Analysts Continue To See Sprint, T-Mobile Merger As Increasingly Unlikely
Well, it’s been a little over a week since we’ve had any stories about T-Mobile and XXXX as a target for a potential buyout or merger. That’s good news (though not a record) and analysts continue to express doubts that a deal with Sprint is likely given T-Mobile’s “revival” and Sprint’s 4G network upgrade.
Craig Moffett, of Moffett Research is just one of a many wireless analysts throwing a wrench in the idea that T-Mobile and Sprint are likely merger candidates.
“The DOJ has made it abundantly clear that they want four (national) players, not three,” Moffett told IBD. “T-Mobile’s resurgence can only make the DOJ’s stance that much more definitive…Sprint’s capital spending is soaring and T-Mobile is undercutting everyone else’s pricing. Why would (regulators) do anything to compromise that? The view in Washington is, ‘If it ain’t broke, don’t fix it.'”
Echoing Moffetts thoughts is Paul Gallant, an analyst at Guggenheim Partners who agrees that “the recent actions of Sprint and T-Mobile are likely to reinforce regulators’ instincts to preserve a four-player wireless market.
Gallant goes on to say in a research report that T-Mobile’s aggressive pricing and new phone upgrades are the exact kind of “pro-competition” moves regulators want. As for Sprint, their recent price cut on unlimited data services will find favor with regulators further reinforcing the need for a national market of four-carriers.
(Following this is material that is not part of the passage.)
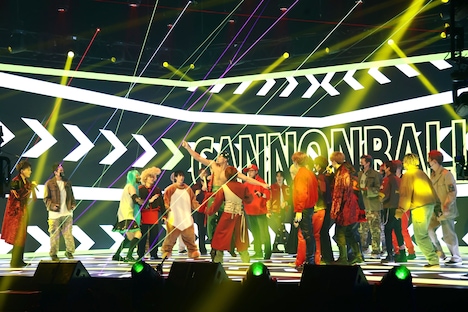 「LIVE×ONLINE INFINITY "HALLOWEEN" Trick or Treat!! R.F.B.Halloween Party!!」の様子。(写真提供:LDH JAPAN)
USB analyst John Hodulik, whom we reported on August 15th speculating about the future of T-Mobile and Sprint, talked to Investors Business Daily via email and echoed the thoughts of his analyst colleagues:
“If all four carriers are doing well, it will make it hard for Sprint and T-Mobile to merge under this administration,” UBS analyst John Hodulik told IBD via e-mail. “(T-Mobile) would have to lose momentum and go downhill for it to happen.”
In other words, both T-Mobile and/or Sprint would have to quickly reverse their newfound fortunes before even contemplating a move and even then, it might be tough to convince regulators a three-carrier solution is best for consumers.